Literature and the Environment
In 1992 in Reno, Nevada, a group of scholars and writers founded the Association for the Study of Literature and Environment (ASLE) to promote interdisciplinary research and conversation about the connections between humans and the natural world. Comprising professionals in both the humanities and the sciences, ASLE encourages collaboration, supports environmental education, and convenes a community around the twin goals of literary excellence and ecological sustainability. Now, twentyfive years later, the organization is more robust—and necessary—than ever.
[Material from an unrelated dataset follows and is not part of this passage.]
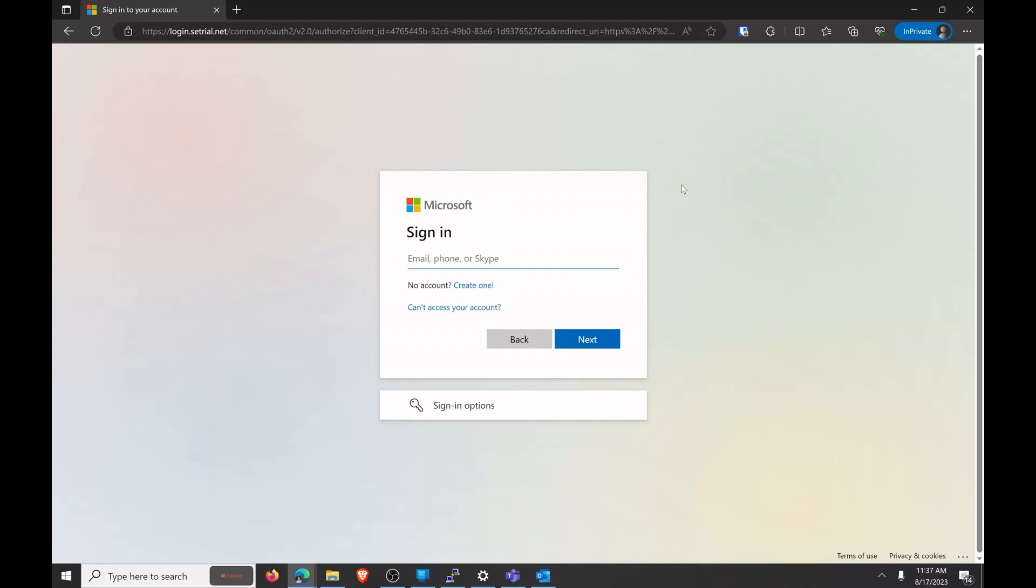Today we're going to be talking about multi-factor authentication and how it may not be as secure as you think it is. The attack we're going to be focusing on today is called a man-in-the-middle attack, and sometimes you'll hear it referred to as an evil proxy attack.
The intersections of poetry and conservation biology, or speculative fiction and environmental activism, may not seem intuitive. But in the early 1990s many scholars working at the crossroads of these increasingly siloed disciplines sought a way to share ideas and enlist creative, scientific, and ethical advice from specialists in other fields. With the advent of ASLE, members gained access to a directory of multidisciplinary scholars, as well as environmental studies curricula, a list of awards and grants, mentoring programs, and a bibliography of ecological writing, among other resources. In 1993, ASLE launched the semiannual (now quarterly) journal ISLE: Interdisciplinary Studies in Literature and Environment, which publishes academic articles in addition to poetry, nonfiction, and book reviews.
Since 1995, ASLE has also hosted a
biennial conference, each event held in a different U.S. city, at which intellectual cross-pollination and collaboration can happen in person. The twelfth conference, titled “Rust/Resistance: Works of Recovery,” took place in June and doubled as a celebration of ASLE’s twentyfifth anniversary. Hosted by Wayne State University in Detroit, the 2017 conference featured more than eight hundred presenters as well as keynote addresses by writers and environmentalists such as poet Ross Gay and historian and novelist Tiya Miles. According to ASLE copresident Christoph Irmscher, these conferences serve as “sustained intellectual experiences in which an array of amazing speakers complements the serious conversations that take place in individual panels.”
ASLE’s quarter-centennial comes at a critical moment. As an organization committed equally to literature and to environmentalism, ASLE and its membership are doubly threatened by the massive rollbacks in arts and climate spending proposed by the Trump administration. The White House’s 2018 budget plan, unveiled in May, would slash funding to the Environmental Protection Agency by nearly a third, eliminating 20 percent of its workforce and leaving the agency with its smallest budget in forty years, adjusting for inflation. Predicated on a staunch denial of the urgent reality of climate change, the plan proposes crippling reductions to programs that clean up toxic waste, determine the safety of drinking water, and research and predict natural disasters, among others.
In June, President Trump announced that the United States will also be withdrawing from the Paris climate accord, an agreement between nearly two hundred nations to reduce emissions and mitigate global warming that was adopted by consensus in 2015. “As we have known ever since Rachel Carson, the environmental crisis can only be addressed globally, not within traditional national boundaries,” says Irmscher. Branches of ASLE have been established in nearly a dozen countries or regions outside the United States, including Brazil, India, and Japan, and this year’s ASLE conference drew around a thousand members from twenty-five countries. Irmscher describes the organization’s international, interdisciplinary conferences as its “pièce de résistance against Trumpian unilateralism.”
The Trump administration’s proposed 2018 budget would also eliminate the National Endowment for the Arts and National Endowment for the Humanities. Though such cuts seem unlikely at this point— Congress thus far having upheld federal funding for both agencies—the proposal itself is indicative of an attitude that devalues the importance of art and literature to American life and culture. In light of such threats, Irmscher looks to literature for models of political environmentalism. “Panels and presentations on Thoreau’s Walden—to mention one of the intellectual progenitors of ASLE—can no longer ignore the fact that his philosophy of resistance has assumed new importance in an era when the government systematically suppresses scientific evidence,” he says.
In a sense, the joint disavowal of both environmental protection and the arts can be seen as a confirmation of what ASLE has always known: that these disciplines are deeply linked and even interdependent—that, as Rachel Carson once said, “No one could write truthfully about the sea and leave out the poetry.” In the face of these most recent threats, ASLE will continue to serve as a meeting point. “In a climate that discourages innovation, scientists have adopted new roles as dissenters and protesters,” says Irmscher. “As they unite and march, they find new allies in the arts and humanities that have long spoken truth to power. ASLE, whose core mission is to promote collaboration and public dialogue, provides an organizational framework for such new alliances.”